Can't override operator delete/new from pure abstract class in C++

I want to override new and delete operators of a class to make it use my memory pool.
It works with normal classes (no inheritance) but I fail to do that with classes which inherit from an abstract base class.

Name of the abstract base class: MemTester
Name of the concrete class which derives from MemTester: BasicTester

Here are the files (2 headers for each class and 2 CPP files for each class)

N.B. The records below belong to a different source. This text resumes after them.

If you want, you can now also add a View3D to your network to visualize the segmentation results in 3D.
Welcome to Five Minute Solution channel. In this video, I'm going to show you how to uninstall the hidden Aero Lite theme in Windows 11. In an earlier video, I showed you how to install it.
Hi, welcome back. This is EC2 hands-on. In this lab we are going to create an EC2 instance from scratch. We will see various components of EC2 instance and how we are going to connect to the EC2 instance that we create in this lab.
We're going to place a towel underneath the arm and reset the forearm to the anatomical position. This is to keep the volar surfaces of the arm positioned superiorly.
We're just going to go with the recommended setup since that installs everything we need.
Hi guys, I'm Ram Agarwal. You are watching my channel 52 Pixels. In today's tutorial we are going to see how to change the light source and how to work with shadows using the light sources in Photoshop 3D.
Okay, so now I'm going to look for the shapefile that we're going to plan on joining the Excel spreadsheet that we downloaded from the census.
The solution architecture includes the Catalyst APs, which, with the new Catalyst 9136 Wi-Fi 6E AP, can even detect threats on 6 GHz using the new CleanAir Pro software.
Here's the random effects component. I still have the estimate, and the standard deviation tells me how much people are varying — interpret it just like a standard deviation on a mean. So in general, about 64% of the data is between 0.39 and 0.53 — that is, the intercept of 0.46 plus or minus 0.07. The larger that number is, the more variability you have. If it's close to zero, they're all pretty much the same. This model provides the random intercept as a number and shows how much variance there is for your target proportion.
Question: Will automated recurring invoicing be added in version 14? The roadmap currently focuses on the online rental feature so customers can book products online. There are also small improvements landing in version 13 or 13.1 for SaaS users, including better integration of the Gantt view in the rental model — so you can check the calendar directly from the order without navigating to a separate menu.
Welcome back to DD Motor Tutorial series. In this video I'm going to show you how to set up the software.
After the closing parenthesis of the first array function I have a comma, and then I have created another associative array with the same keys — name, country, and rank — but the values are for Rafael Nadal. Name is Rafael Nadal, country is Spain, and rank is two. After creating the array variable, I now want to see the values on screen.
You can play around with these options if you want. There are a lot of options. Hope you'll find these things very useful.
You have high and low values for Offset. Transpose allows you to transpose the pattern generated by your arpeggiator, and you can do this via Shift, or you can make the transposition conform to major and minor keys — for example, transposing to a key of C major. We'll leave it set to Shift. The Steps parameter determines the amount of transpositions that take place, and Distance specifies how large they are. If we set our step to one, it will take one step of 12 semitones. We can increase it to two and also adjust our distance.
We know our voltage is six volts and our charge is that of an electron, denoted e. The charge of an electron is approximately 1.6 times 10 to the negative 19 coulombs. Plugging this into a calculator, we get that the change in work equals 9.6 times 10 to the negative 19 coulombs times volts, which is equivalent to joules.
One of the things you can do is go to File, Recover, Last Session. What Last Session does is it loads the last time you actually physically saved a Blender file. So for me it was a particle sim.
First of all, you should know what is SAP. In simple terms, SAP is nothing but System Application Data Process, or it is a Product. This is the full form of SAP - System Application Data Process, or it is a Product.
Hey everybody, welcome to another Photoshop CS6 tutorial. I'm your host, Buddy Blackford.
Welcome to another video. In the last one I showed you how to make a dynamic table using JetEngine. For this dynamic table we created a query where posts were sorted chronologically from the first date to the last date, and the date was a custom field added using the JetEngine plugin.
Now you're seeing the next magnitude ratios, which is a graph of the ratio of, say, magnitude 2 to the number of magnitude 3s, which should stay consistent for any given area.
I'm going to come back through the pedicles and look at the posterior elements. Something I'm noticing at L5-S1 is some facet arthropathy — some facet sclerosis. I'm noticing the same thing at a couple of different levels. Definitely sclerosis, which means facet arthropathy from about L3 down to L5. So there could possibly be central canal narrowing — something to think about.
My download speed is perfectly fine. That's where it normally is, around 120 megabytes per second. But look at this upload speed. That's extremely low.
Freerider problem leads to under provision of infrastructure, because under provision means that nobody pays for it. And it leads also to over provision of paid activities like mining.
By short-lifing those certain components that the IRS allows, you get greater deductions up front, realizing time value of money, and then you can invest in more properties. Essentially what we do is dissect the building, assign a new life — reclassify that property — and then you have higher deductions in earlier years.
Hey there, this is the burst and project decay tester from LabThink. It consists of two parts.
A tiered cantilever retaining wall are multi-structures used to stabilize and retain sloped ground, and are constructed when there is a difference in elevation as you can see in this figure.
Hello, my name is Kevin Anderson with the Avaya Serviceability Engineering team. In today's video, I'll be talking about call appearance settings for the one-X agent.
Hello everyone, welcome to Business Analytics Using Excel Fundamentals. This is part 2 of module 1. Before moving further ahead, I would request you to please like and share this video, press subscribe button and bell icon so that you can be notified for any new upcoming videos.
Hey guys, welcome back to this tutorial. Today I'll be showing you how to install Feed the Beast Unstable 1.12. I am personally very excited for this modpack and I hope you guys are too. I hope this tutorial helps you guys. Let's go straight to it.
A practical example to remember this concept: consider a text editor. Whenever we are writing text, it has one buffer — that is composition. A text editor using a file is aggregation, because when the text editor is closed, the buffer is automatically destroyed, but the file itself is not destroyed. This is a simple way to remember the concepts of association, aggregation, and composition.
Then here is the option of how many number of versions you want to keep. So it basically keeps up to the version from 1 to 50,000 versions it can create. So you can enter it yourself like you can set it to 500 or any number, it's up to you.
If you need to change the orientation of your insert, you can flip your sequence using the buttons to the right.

Here is the abstract base class:

class MemTester {
public:
    virtual void test() = 0;
    virtual ~MemTester() {}
    void* operator new(size_t sz);
    void * operator new[](size_t sz);
    void operator delete(void* ptr) noexcept;
    void operator delete[](void* ptr) noexcept;
};

Here is the CPP file of the above header:

#include "..//headers//MemTester.h"
#include "..//headers//MemoryManager.h"

void * MemTester::operator new(size_t sz)
{
    return (void*)MemoryManager::allocate(sz);
}

void * MemTester::operator new[](size_t sz)
{
    return (void*)MemoryManager::allocateArr(sz);
}

void MemTester::operator delete(void * ptr) noexcept
{
    MemoryManager::free((char*)ptr);
}

void MemTester::operator delete[](void * ptr) noexcept
{
    MemoryManager::freeArr((char*)ptr);
}

And here is a header of a derived class which derived from the above base class:

#include "MemTester.h"
#include <cstddef>

class BasicTester : public MemTester {
public:
    void test();
    void* operator new(size_t sz);
    void operator delete(void* ptr) noexcept;
private:
    void test1();
};

And it's CPP file:

#include "..//headers//BasicTester.h"
#include "..//headers//MemoryManager.h"
#include <iostream>

void BasicTester::test()
{
    test1();
}

void BasicTester::test1()
{
    std::cout << "====== Basic test 1 ======\n" << std::endl;
}

void * BasicTester::operator new(size_t sz)
{
    return (void*)MemoryManager::allocate(sz);
}

void BasicTester::operator delete(void * ptr) noexcept
{
    MemoryManager::free((char*)ptr);
}

The problem:

When I call:

MemTester* mt = new BasicTester();

It calls why overriden operator new as expected. But when I call

delete mt;

It calls the default operator delete
But if I write: MemTester::operator delete(mt); It calls the overriden op delete;
I don't understand why simply calling delete p when p is a pointer to a class without inheritance calling my op delete. But when I use a derived class I've to write ClassName::operator delete (p)

Upvotes: 0

Views: 265

Answers (1)

user3458
user3458

Reputation:

Update: According to http://en.cppreference.com/w/cpp/language/delete :

The deallocation function's name is looked up in the scope of the dynamic type of the object pointed to by expression, which means class-specific deallocation functions, if present, are found before the global ones. If :: is present in the delete expression, only the global namespace is examined by this lookup.

(emphasis mine)

This is wrong: The operator delete used is based on the type of the pointer that's being deleted, not on the type of the object the pointer points to.